SOURCE DATA |
________

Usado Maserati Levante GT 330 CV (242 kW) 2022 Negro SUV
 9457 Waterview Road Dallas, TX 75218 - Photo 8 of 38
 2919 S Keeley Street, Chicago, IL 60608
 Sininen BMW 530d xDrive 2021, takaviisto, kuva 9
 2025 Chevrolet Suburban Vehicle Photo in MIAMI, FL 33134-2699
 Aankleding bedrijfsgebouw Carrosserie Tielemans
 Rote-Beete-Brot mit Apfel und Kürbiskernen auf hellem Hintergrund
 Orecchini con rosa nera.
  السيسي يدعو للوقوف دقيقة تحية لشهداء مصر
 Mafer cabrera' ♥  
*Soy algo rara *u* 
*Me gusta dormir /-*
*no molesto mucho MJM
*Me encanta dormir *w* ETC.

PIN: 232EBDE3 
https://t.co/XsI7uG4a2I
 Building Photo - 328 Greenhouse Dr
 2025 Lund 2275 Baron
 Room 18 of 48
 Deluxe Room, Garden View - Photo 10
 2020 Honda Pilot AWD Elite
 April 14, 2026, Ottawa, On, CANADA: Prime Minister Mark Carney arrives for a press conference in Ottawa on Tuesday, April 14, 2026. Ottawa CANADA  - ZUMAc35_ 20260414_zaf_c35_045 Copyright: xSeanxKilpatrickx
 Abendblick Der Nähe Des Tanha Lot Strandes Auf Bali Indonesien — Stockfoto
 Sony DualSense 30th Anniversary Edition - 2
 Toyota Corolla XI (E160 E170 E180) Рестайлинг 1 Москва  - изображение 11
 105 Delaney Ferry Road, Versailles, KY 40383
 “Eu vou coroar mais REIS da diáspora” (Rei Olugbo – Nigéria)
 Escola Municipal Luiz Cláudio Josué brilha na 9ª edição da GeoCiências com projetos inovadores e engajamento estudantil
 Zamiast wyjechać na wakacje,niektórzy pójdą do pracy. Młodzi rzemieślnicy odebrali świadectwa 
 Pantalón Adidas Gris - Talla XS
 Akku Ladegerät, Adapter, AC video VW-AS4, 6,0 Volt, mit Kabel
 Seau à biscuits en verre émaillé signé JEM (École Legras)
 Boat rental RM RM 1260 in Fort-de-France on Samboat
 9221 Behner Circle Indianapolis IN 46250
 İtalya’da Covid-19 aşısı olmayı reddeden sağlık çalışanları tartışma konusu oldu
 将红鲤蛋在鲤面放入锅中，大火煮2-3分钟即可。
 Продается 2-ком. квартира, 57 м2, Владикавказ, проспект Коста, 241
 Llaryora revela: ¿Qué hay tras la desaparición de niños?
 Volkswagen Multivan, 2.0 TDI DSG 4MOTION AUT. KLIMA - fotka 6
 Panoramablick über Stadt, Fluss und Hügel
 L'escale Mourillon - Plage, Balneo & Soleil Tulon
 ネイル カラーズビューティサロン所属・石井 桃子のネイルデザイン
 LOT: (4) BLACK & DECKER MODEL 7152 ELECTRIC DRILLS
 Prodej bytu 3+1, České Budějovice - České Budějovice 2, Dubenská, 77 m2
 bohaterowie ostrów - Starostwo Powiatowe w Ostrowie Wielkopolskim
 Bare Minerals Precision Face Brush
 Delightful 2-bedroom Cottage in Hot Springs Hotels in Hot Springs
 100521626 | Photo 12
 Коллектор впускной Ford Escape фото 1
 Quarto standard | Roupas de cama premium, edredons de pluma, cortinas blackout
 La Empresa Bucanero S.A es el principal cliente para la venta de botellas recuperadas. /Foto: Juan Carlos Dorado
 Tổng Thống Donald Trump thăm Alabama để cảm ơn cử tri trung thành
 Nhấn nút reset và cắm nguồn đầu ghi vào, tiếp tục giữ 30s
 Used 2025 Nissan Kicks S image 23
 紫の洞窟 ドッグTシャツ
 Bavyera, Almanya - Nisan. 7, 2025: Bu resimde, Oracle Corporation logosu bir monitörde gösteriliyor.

________

TASK |
Every line in the material above that has the word "Road" should be copied.

SOLUTION FOR THIS TASK |
 9457 Waterview Road Dallas, TX 75218 - Photo 8 of 38
 105 Delaney Ferry Road, Versailles, KY 40383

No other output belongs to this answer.